(Records to process):
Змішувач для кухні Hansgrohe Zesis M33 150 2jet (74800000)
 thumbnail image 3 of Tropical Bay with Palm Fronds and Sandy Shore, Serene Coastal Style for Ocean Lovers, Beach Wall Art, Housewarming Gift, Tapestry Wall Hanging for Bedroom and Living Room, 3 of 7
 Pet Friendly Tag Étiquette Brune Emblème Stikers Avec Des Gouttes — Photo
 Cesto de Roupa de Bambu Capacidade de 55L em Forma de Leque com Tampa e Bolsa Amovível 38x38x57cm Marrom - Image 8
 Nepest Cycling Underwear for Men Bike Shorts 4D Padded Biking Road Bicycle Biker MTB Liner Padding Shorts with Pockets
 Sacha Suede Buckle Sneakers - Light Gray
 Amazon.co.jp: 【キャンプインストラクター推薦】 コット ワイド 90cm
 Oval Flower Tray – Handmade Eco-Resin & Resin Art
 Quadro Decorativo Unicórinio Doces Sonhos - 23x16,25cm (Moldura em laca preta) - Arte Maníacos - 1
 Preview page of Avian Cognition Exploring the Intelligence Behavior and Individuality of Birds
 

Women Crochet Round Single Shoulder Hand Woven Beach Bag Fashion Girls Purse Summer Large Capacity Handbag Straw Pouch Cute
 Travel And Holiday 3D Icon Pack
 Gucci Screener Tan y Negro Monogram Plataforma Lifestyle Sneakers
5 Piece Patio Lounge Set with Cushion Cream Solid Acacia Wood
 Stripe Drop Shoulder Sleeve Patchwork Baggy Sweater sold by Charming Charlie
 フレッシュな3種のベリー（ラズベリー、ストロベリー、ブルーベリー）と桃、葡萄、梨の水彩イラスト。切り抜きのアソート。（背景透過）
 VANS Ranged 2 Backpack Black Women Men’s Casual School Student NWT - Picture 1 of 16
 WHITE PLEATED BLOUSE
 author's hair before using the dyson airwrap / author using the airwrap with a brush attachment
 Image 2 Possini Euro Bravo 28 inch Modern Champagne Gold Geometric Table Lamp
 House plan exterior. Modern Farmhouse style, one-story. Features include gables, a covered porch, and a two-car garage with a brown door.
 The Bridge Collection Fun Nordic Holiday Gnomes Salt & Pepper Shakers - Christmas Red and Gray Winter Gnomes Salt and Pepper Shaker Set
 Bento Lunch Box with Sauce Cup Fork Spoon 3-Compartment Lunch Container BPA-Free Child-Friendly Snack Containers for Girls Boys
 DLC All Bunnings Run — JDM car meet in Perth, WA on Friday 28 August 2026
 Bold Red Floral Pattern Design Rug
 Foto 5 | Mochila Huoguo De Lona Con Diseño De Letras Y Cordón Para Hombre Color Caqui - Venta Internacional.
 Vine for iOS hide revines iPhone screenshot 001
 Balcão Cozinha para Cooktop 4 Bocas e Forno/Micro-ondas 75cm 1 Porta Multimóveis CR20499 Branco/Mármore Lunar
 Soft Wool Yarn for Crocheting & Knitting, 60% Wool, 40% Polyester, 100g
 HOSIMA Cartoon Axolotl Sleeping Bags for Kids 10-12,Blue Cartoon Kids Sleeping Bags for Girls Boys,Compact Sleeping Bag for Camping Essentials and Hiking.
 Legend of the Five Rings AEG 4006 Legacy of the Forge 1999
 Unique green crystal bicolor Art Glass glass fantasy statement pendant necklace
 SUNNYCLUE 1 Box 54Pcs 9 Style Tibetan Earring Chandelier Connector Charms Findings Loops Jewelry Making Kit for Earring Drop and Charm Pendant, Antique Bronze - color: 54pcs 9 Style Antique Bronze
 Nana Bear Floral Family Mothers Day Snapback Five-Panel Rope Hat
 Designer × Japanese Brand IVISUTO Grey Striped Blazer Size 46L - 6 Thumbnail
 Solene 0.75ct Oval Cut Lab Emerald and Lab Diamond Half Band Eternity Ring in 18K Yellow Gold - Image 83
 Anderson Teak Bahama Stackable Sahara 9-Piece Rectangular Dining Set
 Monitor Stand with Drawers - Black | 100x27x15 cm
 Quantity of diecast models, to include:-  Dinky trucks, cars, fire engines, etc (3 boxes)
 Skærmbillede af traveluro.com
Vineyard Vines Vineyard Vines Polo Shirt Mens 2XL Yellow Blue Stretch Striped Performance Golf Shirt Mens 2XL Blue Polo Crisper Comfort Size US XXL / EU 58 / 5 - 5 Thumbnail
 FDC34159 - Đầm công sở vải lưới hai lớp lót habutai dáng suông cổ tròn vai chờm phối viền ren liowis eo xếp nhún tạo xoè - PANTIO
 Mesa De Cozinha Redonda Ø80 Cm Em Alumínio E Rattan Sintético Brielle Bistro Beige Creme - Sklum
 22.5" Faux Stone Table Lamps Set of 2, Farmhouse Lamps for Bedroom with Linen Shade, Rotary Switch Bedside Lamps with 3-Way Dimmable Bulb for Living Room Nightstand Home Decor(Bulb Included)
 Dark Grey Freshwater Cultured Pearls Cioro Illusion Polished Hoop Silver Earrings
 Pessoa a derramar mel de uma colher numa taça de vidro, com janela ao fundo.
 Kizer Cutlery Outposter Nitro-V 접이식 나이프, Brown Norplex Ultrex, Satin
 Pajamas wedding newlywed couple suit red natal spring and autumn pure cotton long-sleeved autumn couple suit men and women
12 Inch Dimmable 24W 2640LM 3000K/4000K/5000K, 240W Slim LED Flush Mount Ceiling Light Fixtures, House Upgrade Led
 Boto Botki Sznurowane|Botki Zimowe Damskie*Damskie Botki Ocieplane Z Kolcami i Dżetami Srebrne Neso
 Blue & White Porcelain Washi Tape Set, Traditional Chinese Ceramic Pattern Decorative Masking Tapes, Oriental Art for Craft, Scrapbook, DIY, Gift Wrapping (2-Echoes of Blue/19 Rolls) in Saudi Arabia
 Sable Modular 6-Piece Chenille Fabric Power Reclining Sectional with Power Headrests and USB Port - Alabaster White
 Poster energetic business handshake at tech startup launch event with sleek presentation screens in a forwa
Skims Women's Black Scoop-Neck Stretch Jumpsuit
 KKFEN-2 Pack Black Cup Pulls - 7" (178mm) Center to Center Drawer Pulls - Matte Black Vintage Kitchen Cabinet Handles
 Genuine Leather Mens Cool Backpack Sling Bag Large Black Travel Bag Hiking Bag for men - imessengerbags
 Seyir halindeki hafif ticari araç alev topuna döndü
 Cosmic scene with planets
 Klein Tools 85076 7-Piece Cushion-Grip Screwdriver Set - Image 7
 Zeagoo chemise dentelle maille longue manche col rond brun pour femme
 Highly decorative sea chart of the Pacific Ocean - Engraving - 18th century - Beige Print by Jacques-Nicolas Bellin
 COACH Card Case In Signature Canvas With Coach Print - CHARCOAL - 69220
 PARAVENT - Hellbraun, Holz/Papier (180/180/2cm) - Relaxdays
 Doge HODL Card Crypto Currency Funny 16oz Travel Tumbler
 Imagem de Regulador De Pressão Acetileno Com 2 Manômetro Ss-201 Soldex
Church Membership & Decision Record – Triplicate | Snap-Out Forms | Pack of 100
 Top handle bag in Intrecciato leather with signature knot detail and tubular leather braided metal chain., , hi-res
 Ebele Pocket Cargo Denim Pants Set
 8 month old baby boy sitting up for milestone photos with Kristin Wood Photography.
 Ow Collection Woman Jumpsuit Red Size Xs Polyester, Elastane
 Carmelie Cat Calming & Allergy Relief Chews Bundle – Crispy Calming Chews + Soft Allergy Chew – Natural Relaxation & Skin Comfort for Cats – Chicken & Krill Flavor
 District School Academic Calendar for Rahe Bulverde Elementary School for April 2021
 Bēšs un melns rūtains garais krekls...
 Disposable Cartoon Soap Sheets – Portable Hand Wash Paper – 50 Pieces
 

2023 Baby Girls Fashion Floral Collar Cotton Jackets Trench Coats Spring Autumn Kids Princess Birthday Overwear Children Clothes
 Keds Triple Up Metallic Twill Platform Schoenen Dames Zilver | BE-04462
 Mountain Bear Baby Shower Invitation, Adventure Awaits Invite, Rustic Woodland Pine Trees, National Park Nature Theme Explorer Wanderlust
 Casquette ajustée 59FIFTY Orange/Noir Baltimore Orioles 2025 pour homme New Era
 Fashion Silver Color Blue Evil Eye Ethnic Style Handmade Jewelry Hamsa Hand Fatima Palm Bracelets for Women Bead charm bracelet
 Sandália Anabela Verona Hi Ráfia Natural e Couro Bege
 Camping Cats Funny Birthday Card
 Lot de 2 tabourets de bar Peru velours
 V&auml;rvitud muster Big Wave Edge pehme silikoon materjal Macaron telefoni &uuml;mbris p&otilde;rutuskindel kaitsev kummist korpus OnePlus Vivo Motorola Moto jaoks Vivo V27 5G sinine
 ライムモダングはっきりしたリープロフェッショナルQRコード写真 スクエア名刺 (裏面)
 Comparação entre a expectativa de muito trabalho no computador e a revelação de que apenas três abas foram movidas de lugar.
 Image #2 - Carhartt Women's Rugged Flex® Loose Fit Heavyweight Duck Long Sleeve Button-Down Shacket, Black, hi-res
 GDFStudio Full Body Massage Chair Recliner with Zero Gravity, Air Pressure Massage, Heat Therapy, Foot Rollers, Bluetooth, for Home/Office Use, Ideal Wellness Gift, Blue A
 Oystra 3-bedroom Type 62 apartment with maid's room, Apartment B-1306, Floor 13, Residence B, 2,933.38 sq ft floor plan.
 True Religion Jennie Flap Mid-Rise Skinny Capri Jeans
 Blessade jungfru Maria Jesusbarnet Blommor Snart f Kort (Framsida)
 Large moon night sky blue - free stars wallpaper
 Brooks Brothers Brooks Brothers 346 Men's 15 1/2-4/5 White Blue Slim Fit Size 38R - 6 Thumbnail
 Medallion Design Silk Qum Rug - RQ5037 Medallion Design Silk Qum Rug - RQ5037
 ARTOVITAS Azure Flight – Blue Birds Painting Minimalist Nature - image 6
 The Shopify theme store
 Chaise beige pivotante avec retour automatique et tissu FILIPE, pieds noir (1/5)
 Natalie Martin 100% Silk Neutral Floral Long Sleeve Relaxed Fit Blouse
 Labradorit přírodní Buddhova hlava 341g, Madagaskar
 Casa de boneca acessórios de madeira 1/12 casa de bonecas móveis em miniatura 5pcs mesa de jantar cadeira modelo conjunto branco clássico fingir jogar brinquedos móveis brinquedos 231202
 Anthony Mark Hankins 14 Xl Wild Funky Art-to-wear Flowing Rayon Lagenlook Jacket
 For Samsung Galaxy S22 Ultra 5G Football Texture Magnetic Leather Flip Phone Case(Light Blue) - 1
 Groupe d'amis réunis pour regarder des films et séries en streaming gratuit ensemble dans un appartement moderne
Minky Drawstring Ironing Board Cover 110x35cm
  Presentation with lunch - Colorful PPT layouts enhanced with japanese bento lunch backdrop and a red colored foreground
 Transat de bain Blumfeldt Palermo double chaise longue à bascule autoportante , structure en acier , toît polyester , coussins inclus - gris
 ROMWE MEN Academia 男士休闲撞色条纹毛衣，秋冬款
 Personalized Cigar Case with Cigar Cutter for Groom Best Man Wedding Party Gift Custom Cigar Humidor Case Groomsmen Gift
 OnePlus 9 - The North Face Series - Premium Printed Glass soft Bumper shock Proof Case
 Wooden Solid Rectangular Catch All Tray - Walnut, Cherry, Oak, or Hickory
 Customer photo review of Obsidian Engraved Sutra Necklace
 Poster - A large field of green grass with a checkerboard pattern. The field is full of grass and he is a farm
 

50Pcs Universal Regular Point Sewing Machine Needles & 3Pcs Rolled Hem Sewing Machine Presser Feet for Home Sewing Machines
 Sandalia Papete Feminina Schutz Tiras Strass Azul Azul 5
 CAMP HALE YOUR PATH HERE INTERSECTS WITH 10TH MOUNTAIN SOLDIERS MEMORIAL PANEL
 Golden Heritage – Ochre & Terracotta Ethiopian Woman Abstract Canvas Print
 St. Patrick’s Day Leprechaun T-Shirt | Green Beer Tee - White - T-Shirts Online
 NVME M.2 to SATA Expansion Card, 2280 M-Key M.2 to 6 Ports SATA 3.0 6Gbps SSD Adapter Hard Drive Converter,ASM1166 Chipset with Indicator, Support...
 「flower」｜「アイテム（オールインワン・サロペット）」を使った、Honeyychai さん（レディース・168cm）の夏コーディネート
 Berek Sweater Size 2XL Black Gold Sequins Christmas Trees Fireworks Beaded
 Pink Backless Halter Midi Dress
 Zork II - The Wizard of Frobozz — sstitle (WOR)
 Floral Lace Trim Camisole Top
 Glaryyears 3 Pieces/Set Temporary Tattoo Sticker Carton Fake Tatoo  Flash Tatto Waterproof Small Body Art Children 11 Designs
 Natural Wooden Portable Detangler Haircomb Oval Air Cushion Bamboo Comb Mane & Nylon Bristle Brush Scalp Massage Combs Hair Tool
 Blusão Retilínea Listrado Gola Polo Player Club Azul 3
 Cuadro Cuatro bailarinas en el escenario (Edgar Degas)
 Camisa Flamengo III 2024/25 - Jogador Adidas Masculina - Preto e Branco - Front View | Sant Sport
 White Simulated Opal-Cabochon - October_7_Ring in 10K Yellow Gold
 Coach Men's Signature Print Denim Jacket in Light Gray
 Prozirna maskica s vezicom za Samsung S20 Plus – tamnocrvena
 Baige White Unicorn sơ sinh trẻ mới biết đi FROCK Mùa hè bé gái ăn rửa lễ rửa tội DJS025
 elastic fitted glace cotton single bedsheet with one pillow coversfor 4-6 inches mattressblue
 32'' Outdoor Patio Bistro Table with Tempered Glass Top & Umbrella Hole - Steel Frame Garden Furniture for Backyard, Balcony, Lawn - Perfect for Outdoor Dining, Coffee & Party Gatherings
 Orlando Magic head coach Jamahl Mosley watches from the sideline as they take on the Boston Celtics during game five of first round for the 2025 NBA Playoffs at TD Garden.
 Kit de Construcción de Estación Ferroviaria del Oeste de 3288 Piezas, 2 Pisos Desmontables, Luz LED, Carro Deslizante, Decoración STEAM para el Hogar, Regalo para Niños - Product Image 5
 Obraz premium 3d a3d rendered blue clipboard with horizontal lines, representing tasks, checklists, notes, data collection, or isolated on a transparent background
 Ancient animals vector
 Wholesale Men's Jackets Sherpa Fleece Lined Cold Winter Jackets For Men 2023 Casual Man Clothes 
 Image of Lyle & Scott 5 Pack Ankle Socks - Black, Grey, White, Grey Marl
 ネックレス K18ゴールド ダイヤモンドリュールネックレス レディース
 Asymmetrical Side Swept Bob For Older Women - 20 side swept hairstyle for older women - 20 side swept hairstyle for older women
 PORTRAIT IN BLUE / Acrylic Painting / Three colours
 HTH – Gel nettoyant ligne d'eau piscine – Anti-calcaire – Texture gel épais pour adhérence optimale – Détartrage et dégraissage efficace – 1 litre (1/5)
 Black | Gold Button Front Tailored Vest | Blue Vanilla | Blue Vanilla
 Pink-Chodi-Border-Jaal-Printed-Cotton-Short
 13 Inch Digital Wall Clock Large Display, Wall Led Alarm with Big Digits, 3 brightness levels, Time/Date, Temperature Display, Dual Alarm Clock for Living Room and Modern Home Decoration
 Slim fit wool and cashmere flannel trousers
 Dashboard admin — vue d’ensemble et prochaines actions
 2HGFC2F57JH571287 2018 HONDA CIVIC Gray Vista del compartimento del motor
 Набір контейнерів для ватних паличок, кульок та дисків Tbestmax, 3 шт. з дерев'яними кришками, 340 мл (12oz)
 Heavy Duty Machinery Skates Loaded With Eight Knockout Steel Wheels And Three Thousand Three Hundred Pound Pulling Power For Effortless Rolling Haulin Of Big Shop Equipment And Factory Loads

(About this exercise): Restate word for word the entries above, starting at the line with "HOSIMA Cartoon Axolotl" and ending at the line with "Unique green crystal", inclusive, and no others.

(Result of the exercise):
 HOSIMA Cartoon Axolotl Sleeping Bags for Kids 10-12,Blue Cartoon Kids Sleeping Bags for Girls Boys,Compact Sleeping Bag for Camping Essentials and Hiking.
 Legend of the Five Rings AEG 4006 Legacy of the Forge 1999
 Unique green crystal bicolor Art Glass glass fantasy statement pendant necklace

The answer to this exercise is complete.